■ **Exercise**
Any pictures in the records below must be left out when you repeat the lines from the line containing "Photo d'un chef" through the line containing "Bearded man with" exactly.

■ **Material to process**
^^^^^^^^^^^^^^^^

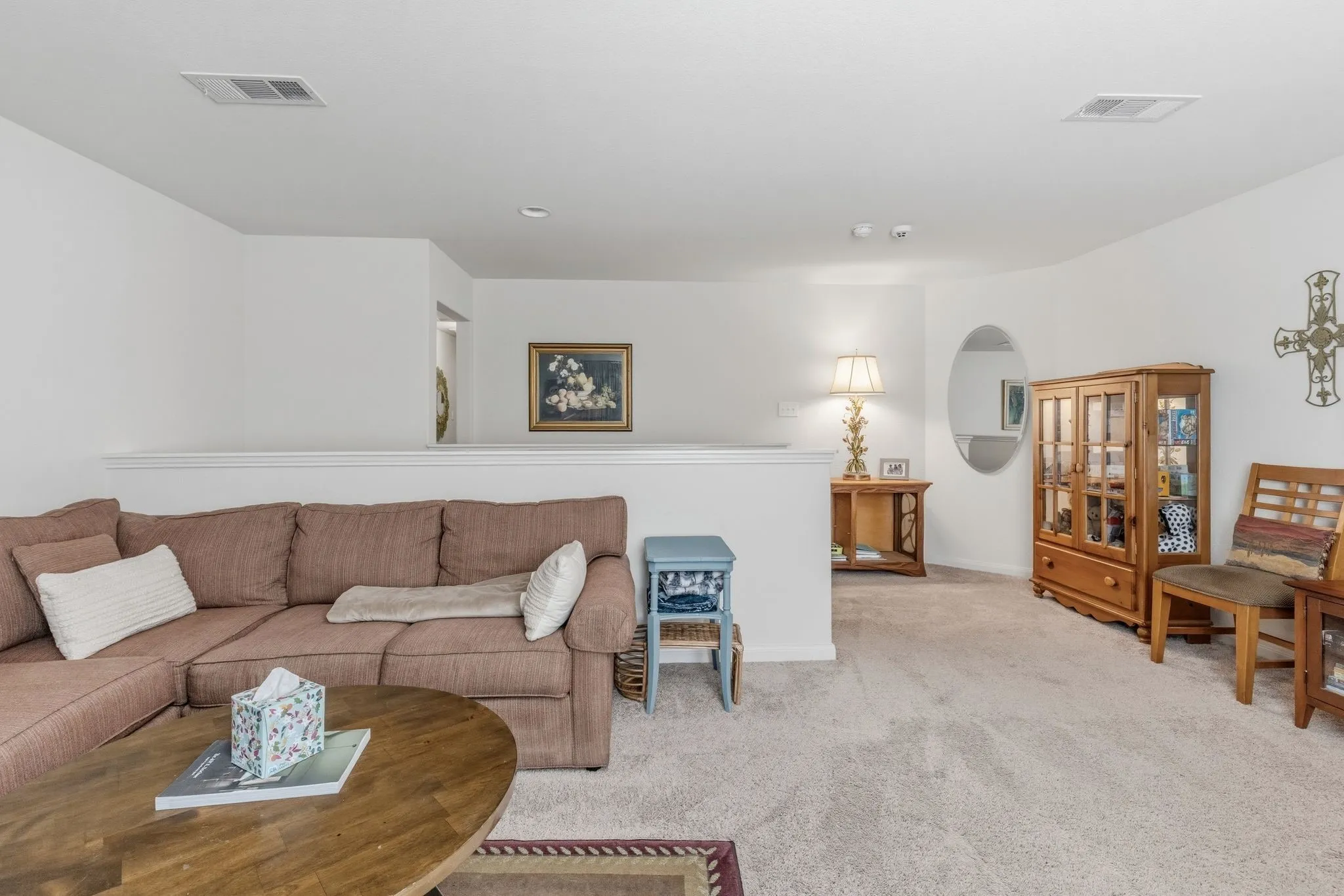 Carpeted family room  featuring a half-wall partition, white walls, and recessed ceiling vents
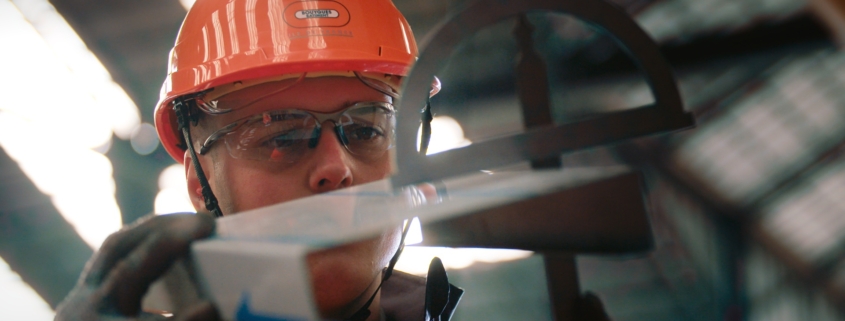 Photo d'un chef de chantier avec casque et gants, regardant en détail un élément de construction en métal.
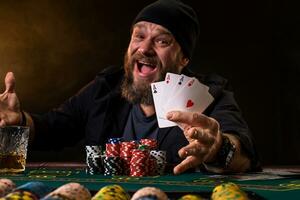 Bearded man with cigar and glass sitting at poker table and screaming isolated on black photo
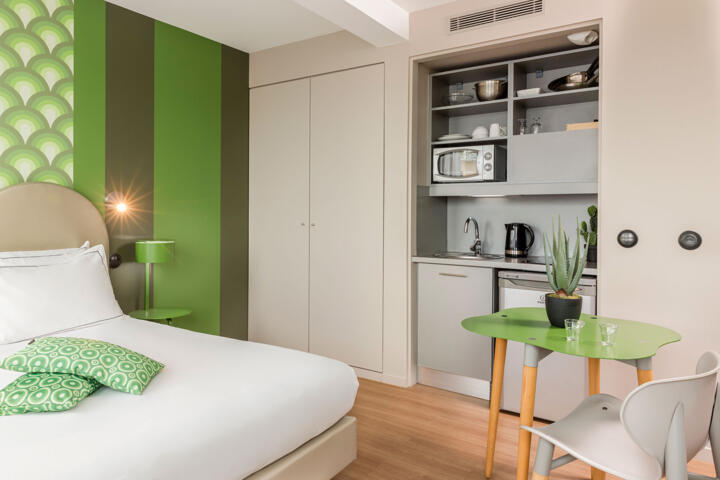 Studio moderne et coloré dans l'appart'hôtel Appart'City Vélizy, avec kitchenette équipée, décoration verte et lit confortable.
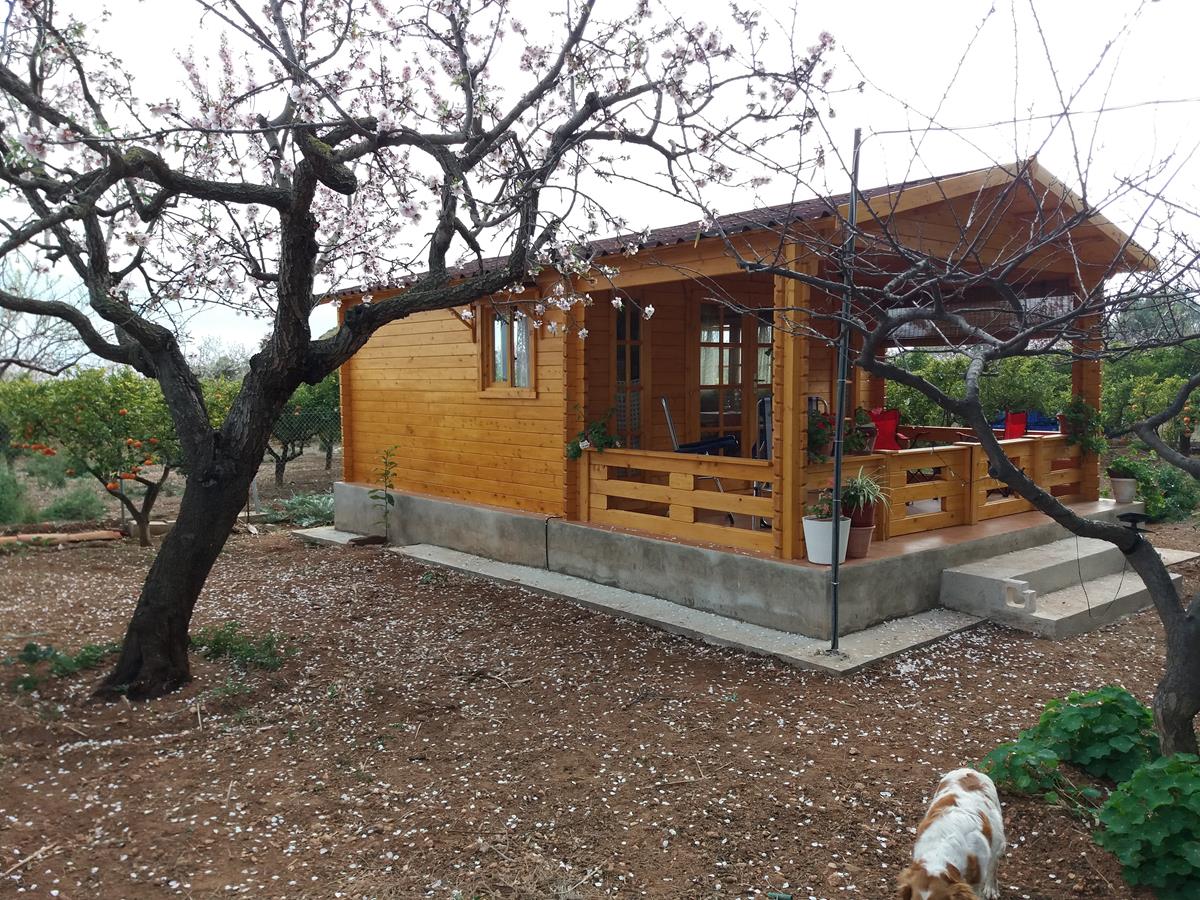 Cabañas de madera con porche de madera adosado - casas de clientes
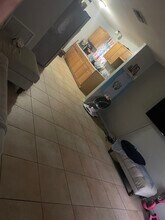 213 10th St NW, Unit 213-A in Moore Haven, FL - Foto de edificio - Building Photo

^^^^^^^^^^^^^^^^

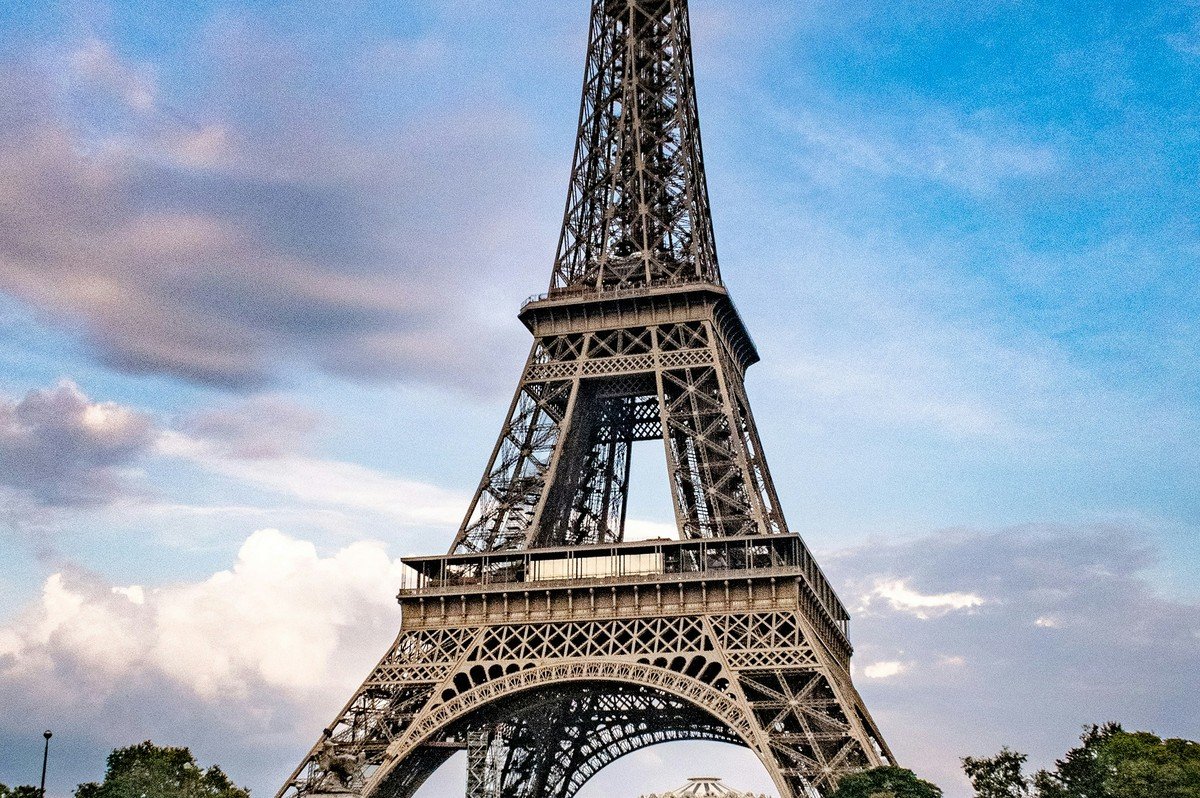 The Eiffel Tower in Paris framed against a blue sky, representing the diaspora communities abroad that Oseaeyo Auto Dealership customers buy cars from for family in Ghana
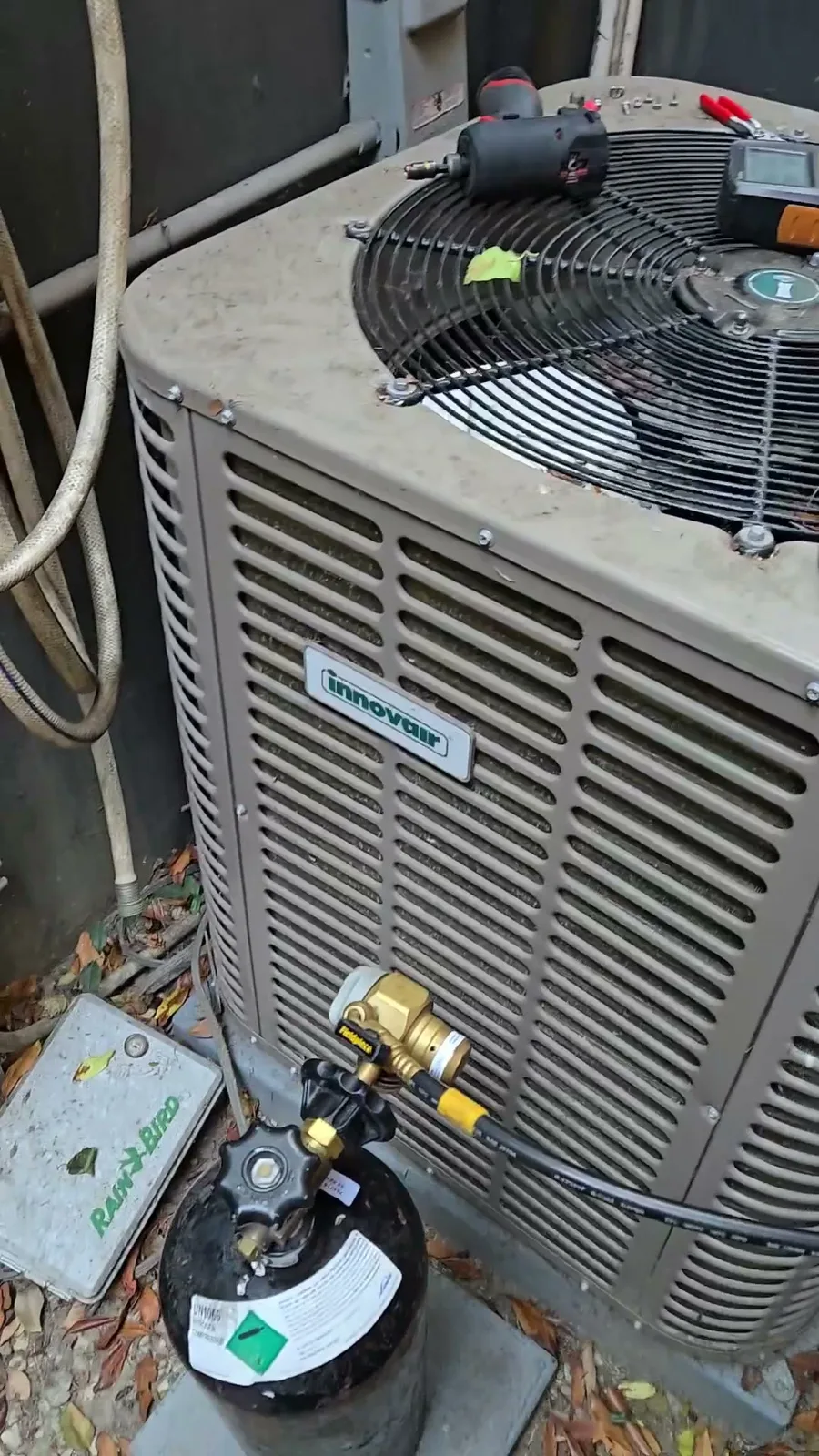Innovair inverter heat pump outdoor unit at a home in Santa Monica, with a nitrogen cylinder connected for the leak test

^^^^^^^^^^^^^^^^

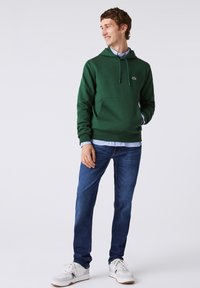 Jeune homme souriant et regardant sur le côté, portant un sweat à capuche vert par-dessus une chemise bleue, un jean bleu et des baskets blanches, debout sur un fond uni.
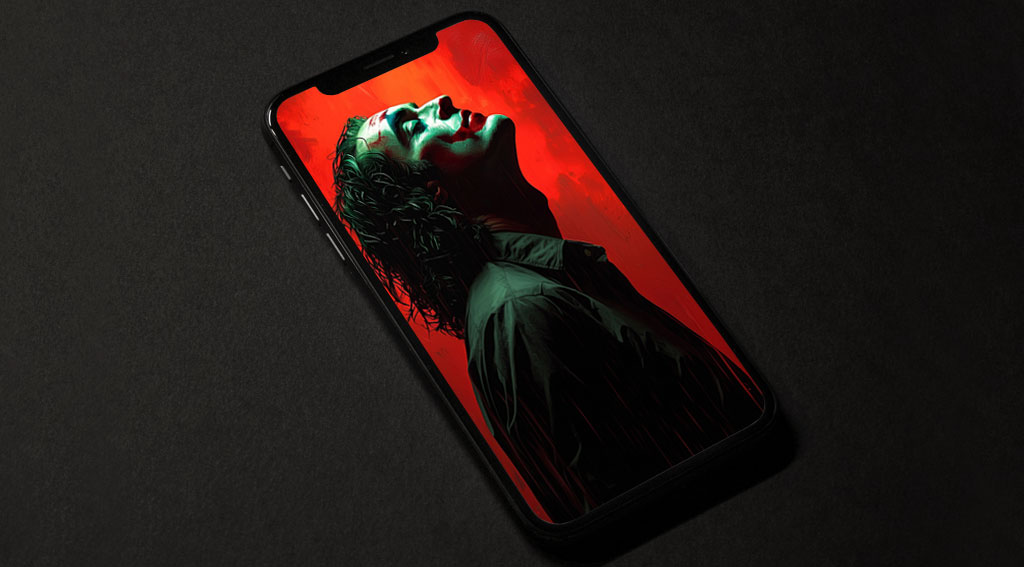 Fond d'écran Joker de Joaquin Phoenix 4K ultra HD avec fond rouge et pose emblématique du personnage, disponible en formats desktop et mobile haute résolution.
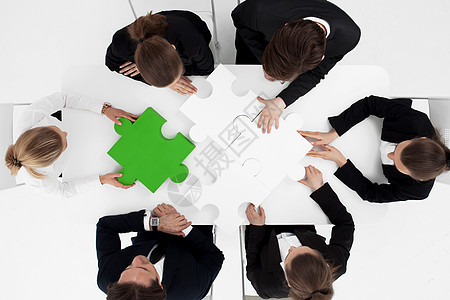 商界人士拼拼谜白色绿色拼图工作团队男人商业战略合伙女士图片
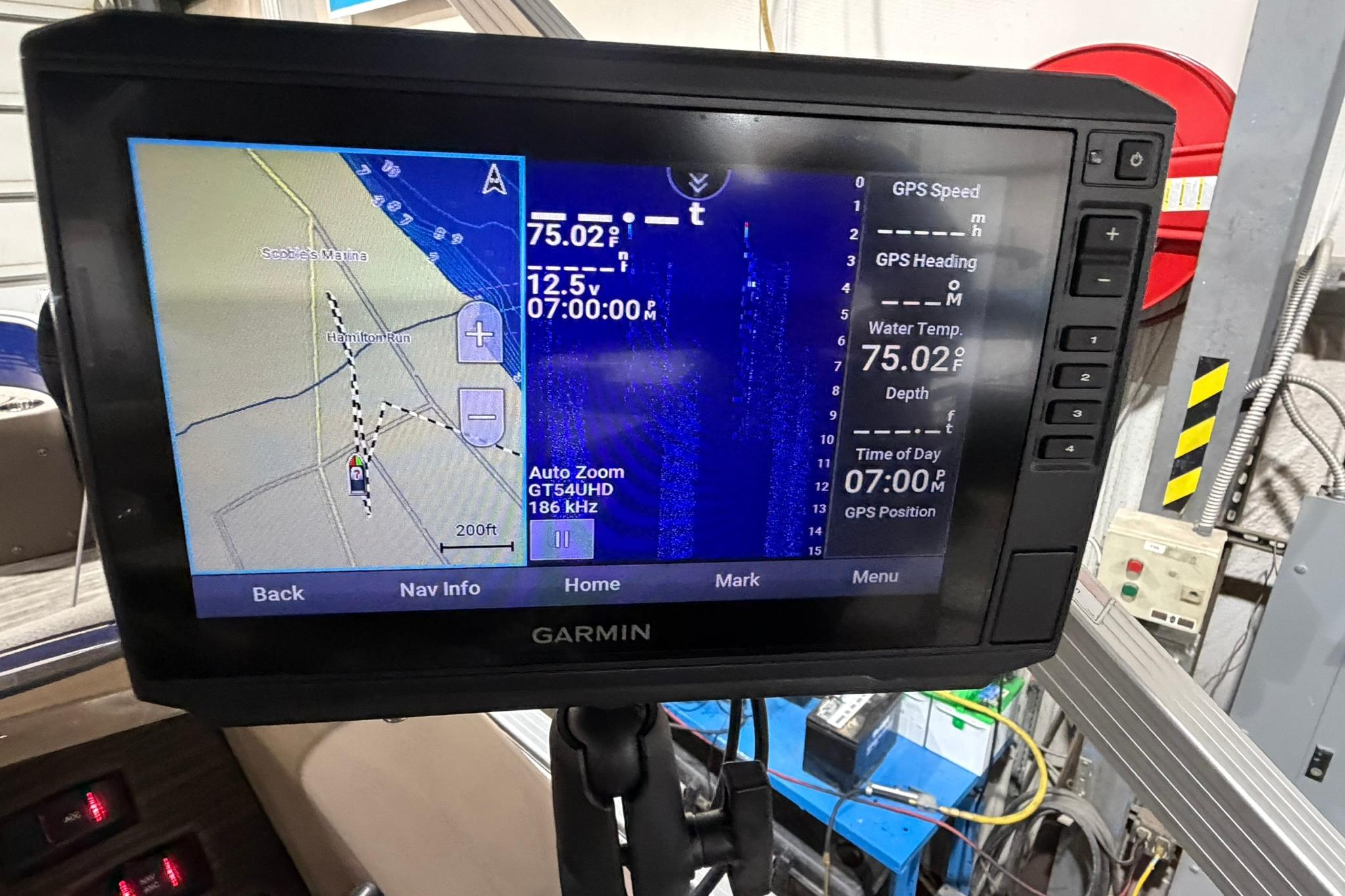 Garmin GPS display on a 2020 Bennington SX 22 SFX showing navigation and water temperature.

^^^^^^^^^^^^^^^^

■ **Answer box**
 Photo d'un chef de chantier avec casque et gants, regardant en détail un élément de construction en métal.
 Bearded man with cigar and glass sitting at poker table and screaming isolated on black photo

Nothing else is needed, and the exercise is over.